“I’m sorry.” I hurry to catch up as we take the steep steps up and up. I truly am. He’s wrong about my not knowing what it’s like to love someone, knowing they will never be yours. “I keep putting my foot in my mouth.”

“It’s not your fault she broke me,” he says as we enter the little courtyard in front of our Airbnb. “And we both knew this interaction would be awkward. It’s probably why you didn’t call me after.”

“And why you didn’t text me for six months.” It felt like he walked away from me too. I tried to tell myself that wasn’t accurate. I can be too sensitive. Take things too personally. But the months bled into each other. “It’s a long time.”
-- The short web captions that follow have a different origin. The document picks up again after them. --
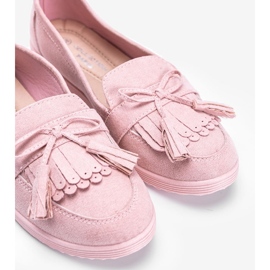 Magdalena pink loafers with fringes 1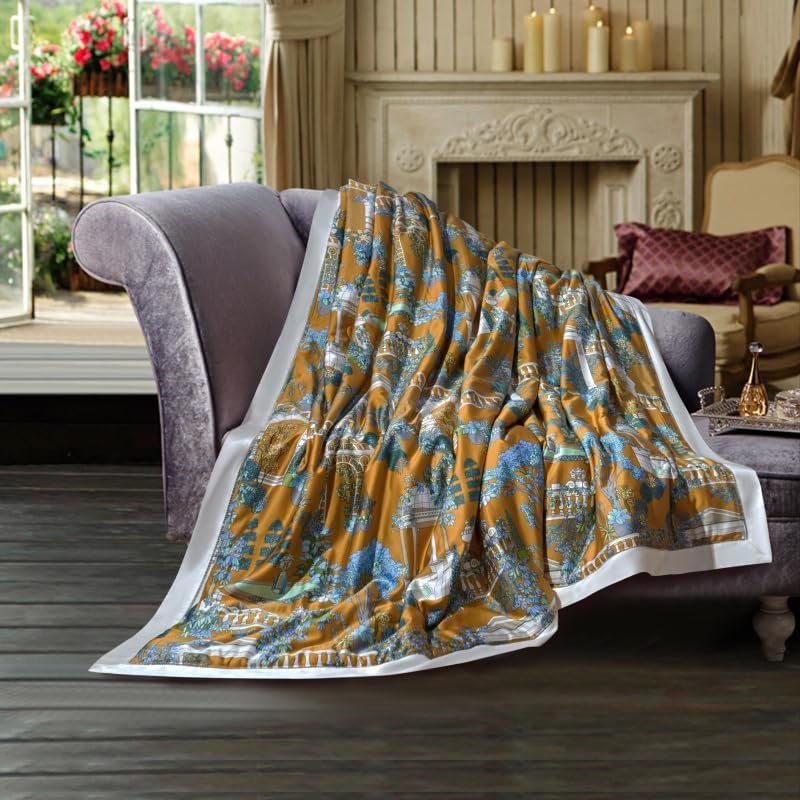 HAMMYKOTI Lyocell Tencel Thin Quilt Summer Air Condition Blanket Silky Soft Bedding Car Sofa Bedroom European Classical Architecture Castle Landscape Lightweight Comforter (Gold, Queen)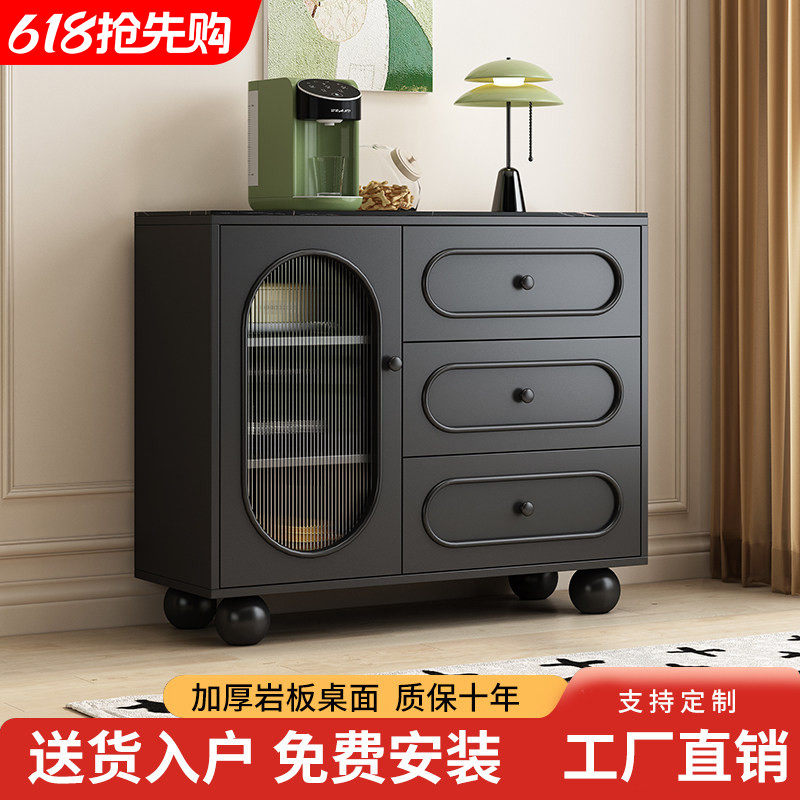 餐柜家用厨房整体橱柜客厅黑色置物柜现代简约边柜靠墙一体茶水柜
“It’s hard.” He rubs a hand over his heart. “It fucking hurts. It doesn’t stop. Every day I wake up and have this blissful moment where everything is normal and right, and then I remember that she married someone else. That the life I knew for so long is someone else’s. I miss home, but I can’t go home because memories of us are everywhere.”

“You sold your condo.” When Indy told me that, it had felt so final.

I start tapping my thumb to my fingertips. The sensation brings calmness.

“I couldn’t breathe there. She was everywhere. Not just the apartment. In my office. In my car. I can’t be around the people I consider family, because they’re her family. Even my friends… you… EJ… you remind me of her. I don’t know if I will ever get over it.”

I blink back the sudden burn behind my eyes. I know his sentiments all too well. Being on the outside. Unable to be around the person I love without it being painful. It’s why I moved to another continent.

“You wouldn’t understand,” he says, then points at a window. “Well, I think we found EJ and your friend.”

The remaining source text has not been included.